Pour autant, bien que vertigineux, le glissement entre notre discours et celui de l'historien met en évidence deux éléments qui demeurent invariables.
Il s'agit d'abord de la transmission de ces biens, de génération en génération. Cette problématique est largement mise en lumière par les préoccupations écologiques et de préservation de l'environnement.
Il s'agit ensuite du rôle de l'État, législateur ou constituant, auquel il revient de fixer un régime juridique pour ces biens. Que nous les qualifiions de mondiaux ou de communaux, c'est d'abord à l'État qu'il incombe de fixer les règles quant à l'administration et à la protection de ces biens. Autrement dit, si le cadre national n'est pas suffisant pour protéger ces biens communs mondiaux, nous ne pouvons pour autant nous dérober face aux enjeux qu'ils soulèvent dans nos sociétés actuelles.

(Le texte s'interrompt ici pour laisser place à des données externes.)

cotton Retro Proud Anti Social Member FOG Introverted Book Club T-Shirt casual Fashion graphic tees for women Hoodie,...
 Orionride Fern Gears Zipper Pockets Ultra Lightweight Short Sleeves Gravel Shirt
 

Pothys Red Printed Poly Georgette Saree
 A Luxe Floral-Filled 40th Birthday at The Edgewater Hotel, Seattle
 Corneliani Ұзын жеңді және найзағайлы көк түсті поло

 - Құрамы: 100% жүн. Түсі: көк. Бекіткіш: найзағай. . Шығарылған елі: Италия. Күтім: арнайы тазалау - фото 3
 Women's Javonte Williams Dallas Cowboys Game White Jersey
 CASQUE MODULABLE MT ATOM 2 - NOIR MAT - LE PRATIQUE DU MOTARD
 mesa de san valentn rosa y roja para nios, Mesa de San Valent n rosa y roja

Ainsi, il y a lieu de se réjouir que soit engagée, dans cet hémicycle, une réflexion sur le traitement réservé aux biens communs. Nos échanges contribueront à ce qu'ils puissent être mieux appréhendés, mieux pensés et mieux encadrés afin notamment de concilier leur usage avec la liberté d'entreprendre.
Cela étant, alors même qu'il pourrait sembler nécessaire de penser le régime de ces biens, il faut également constater qu'ils mettent à l'épreuve nos définitions et nos qualifications juridiques traditionnelles.
Comment les définir ? Ni biens privés ni biens publics, mais plutôt biens collectifs, dont l'usage est partagé par tous. C'est dans cet entre-deux que naît la tension, et donc le débat légitime qui entoure leur régime juridique.
Ces quelques éléments, bien que succincts, suffisent à révéler que la notion n'est pas née avec le « monde d'après », pour reprendre la formule mise en avant par les auteurs de cette proposition de loi. Et pour preuve, notre droit s'y intéresse déjà.
Je ne referai pas la liste des textes et jurisprudences traitant de la question des biens communs. Toutefois, je me permettrai de revenir sur la récente décision du Conseil constitutionnel du 31 janvier 2020 : à travers son interprétation de la Charte sur l'environnement, le Conseil a dégagé, en des termes inédits, un objectif de valeur constitutionnelle de « protection de l'environnement, patrimoine commun des êtres humains ». Le texte dont nous discutons aujourd'hui s'inscrit naturellement dans cette actualité. Il n'est donc pas question de minimiser les enjeux qui y sont liés.
Toutefois, cette décision remonte à moins d'un an. De même, nous croyons que certaines potentialités normatives de la Charte de l'environnement – adossée à la Constitution en 2005 – restent encore à découvrir, notamment dans son préambule qui dispose, au nom du peuple français, que l'environnement est le patrimoine commun des êtres humains. Laissons-nous le temps de poursuivre notre réflexion et d'affiner nos idées, surtout sur un sujet aussi fondamental. Laissons aussi le temps aux dispositifs juridiques existants de produire pleinement leurs effets pour être mieux à même de les réaménager et de les renforcer le jour venu.
Aussi, vous l'aurez compris, au regard de ces éléments, le groupe RDSE ne votera pas en faveur du texte. (Mme Nicole Duranton applaudit.)